### Provided entries ###
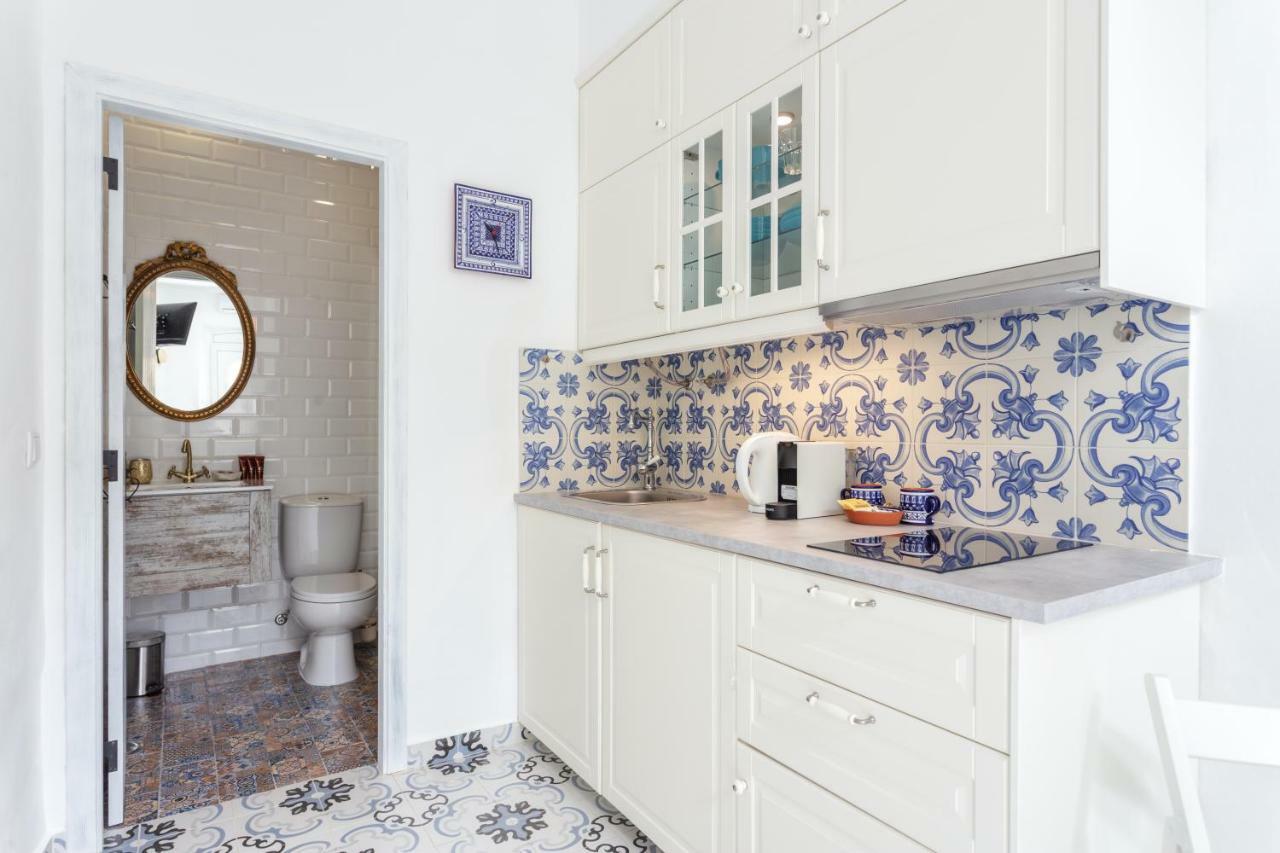 Casa Do Pescador By Ammonite&Co Villa Olhao Bagian luar foto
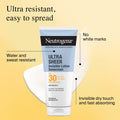 Neutrogena Ultra Sheer Hydrating Body Sunscreen Lotion SPF 50, 200ml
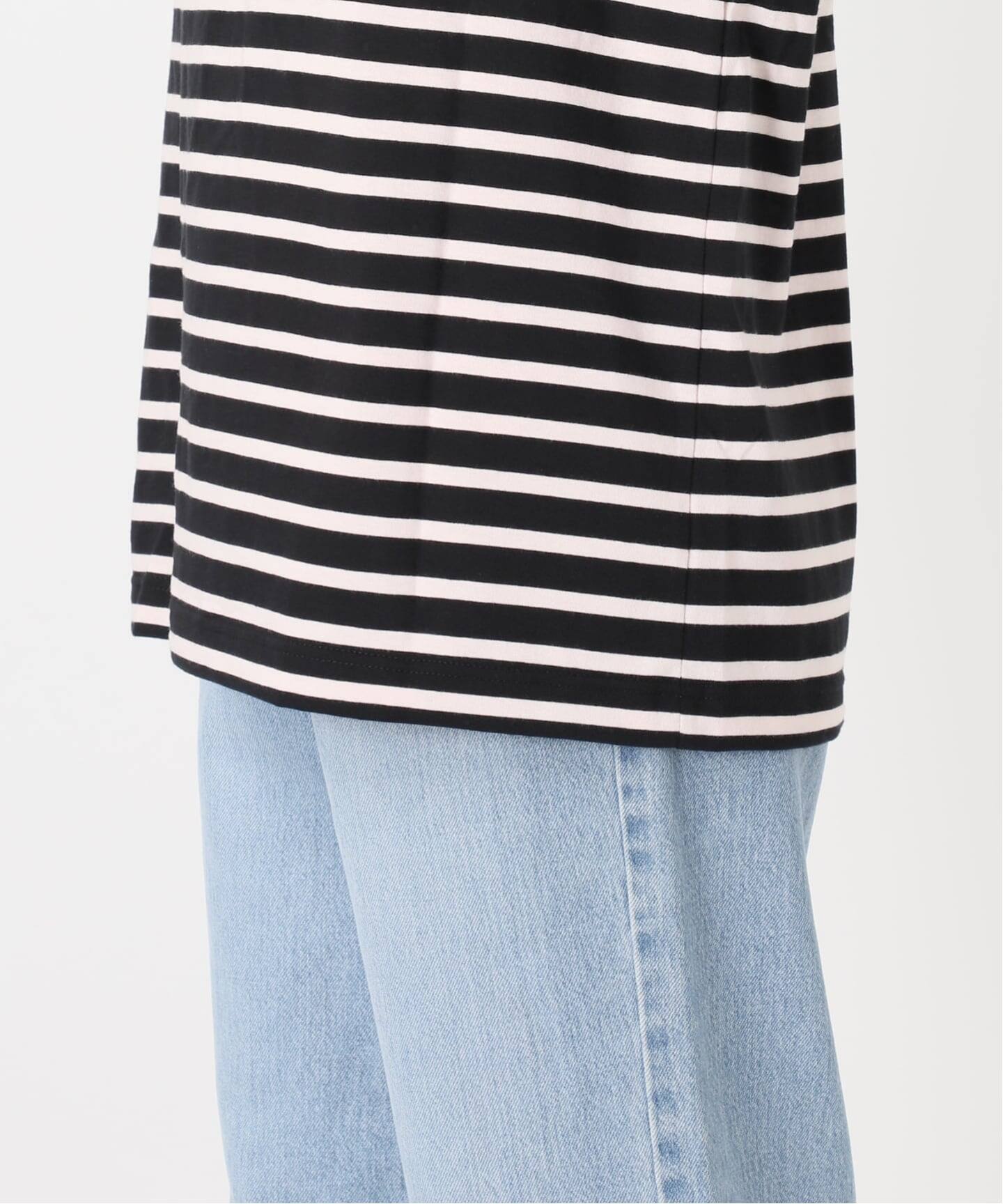 SAINT JAMES/セントジェームス MORLAIX LOOSE 2（Tシャツ／カットソー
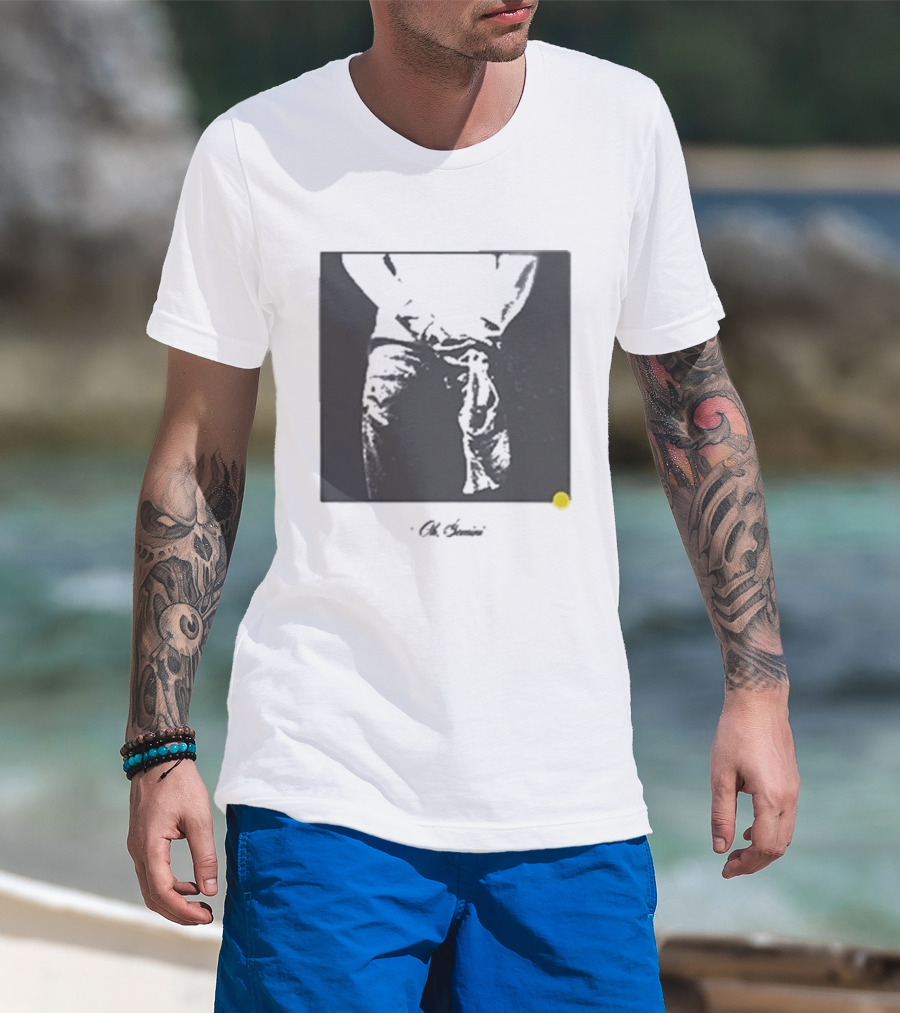 Oh Gemini Role Model Photo T-Shirt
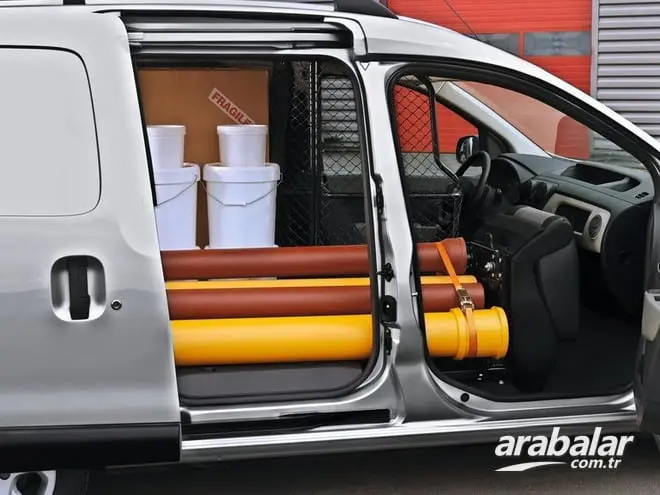 Dacia Dokker Dokker Combi 1.5 DCI Ambiance 4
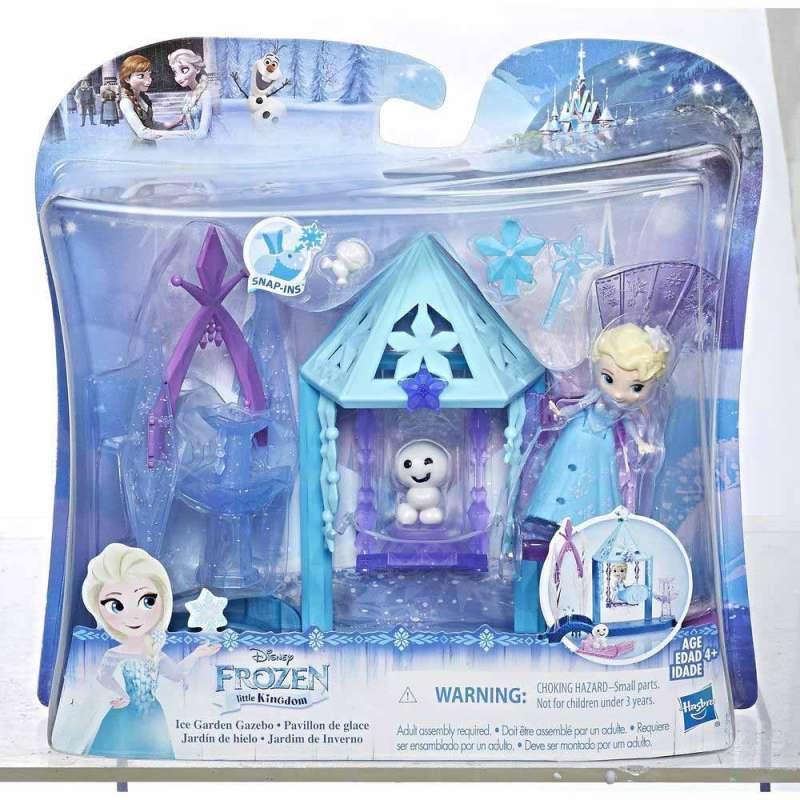 FROZEN MALA LUTKA MINI PLAYSET 
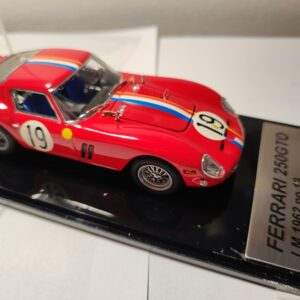 Ferrari 250 GTO Le Mans 1962 Kyosho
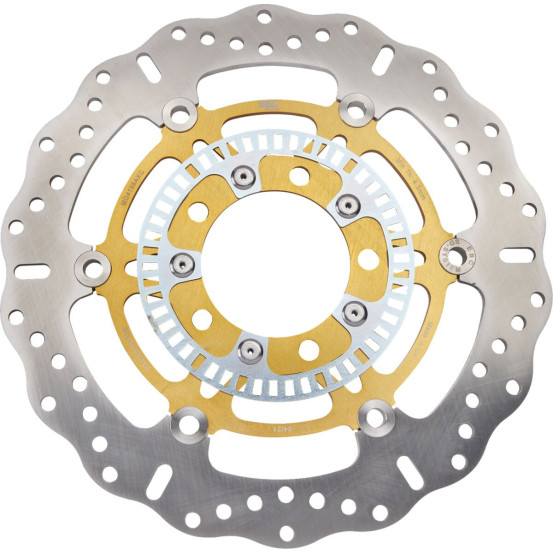 Disque de frein EBC BRAKES MD4156AXC - KAWASAKI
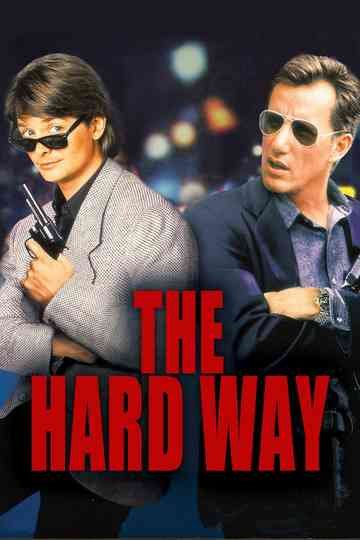 The Hard Way poster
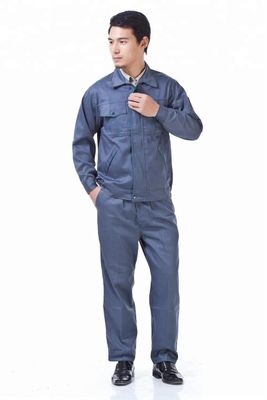 Faddishi Peso pesante Cartoffato TC lavoro di trivellazione indossare pantaloni cappelli tessuto poli cotone 65 * 35 3 1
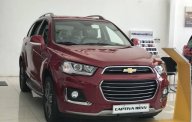 Chevrolet Captiva   2018 - Bán Chevrolet Captiva 2018, màu đỏ, giá 879tr giá 879 triệu tại Trà Vinh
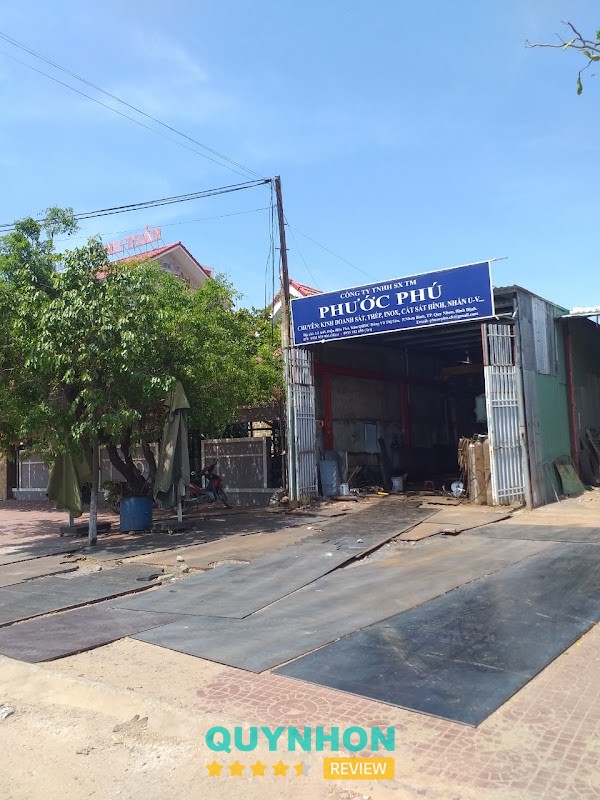 Công ty TNHH SX-TM PHƯỚC PHÚ – hình ảnh 1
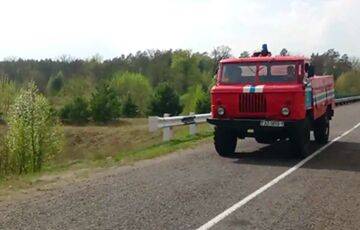 В Беларуси объявлена чрезвычайная пожарная опасность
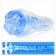 Мастурбатор Fleshlight Turbo - Trust Blue Ice - Fleshlight - в Рязани купить с доставкой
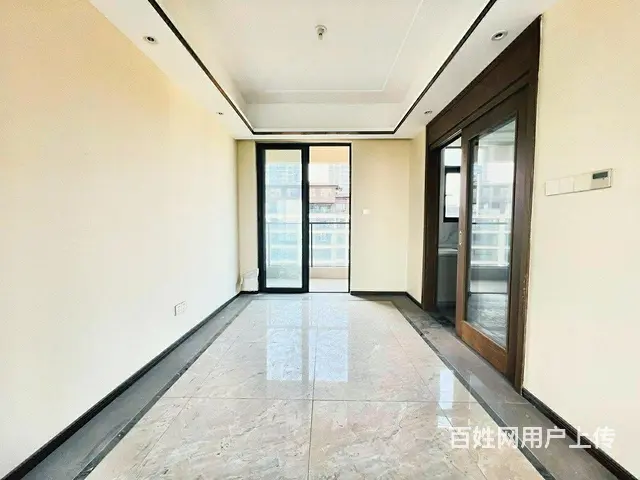地铁口旁 精装现房大横厅洋房   即住 随时看房 中海物业 - 图片 4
###
Exercise instructions = In your reply, please set down exactly the lines from the one containing "В Беларуси объявлена" through the end of the records, with the pictures left out.

Answer to this task =
 В Беларуси объявлена чрезвычайная пожарная опасность
 Мастурбатор Fleshlight Turbo - Trust Blue Ice - Fleshlight - в Рязани купить с доставкой
地铁口旁 精装现房大横厅洋房   即住 随时看房 中海物业 - 图片 4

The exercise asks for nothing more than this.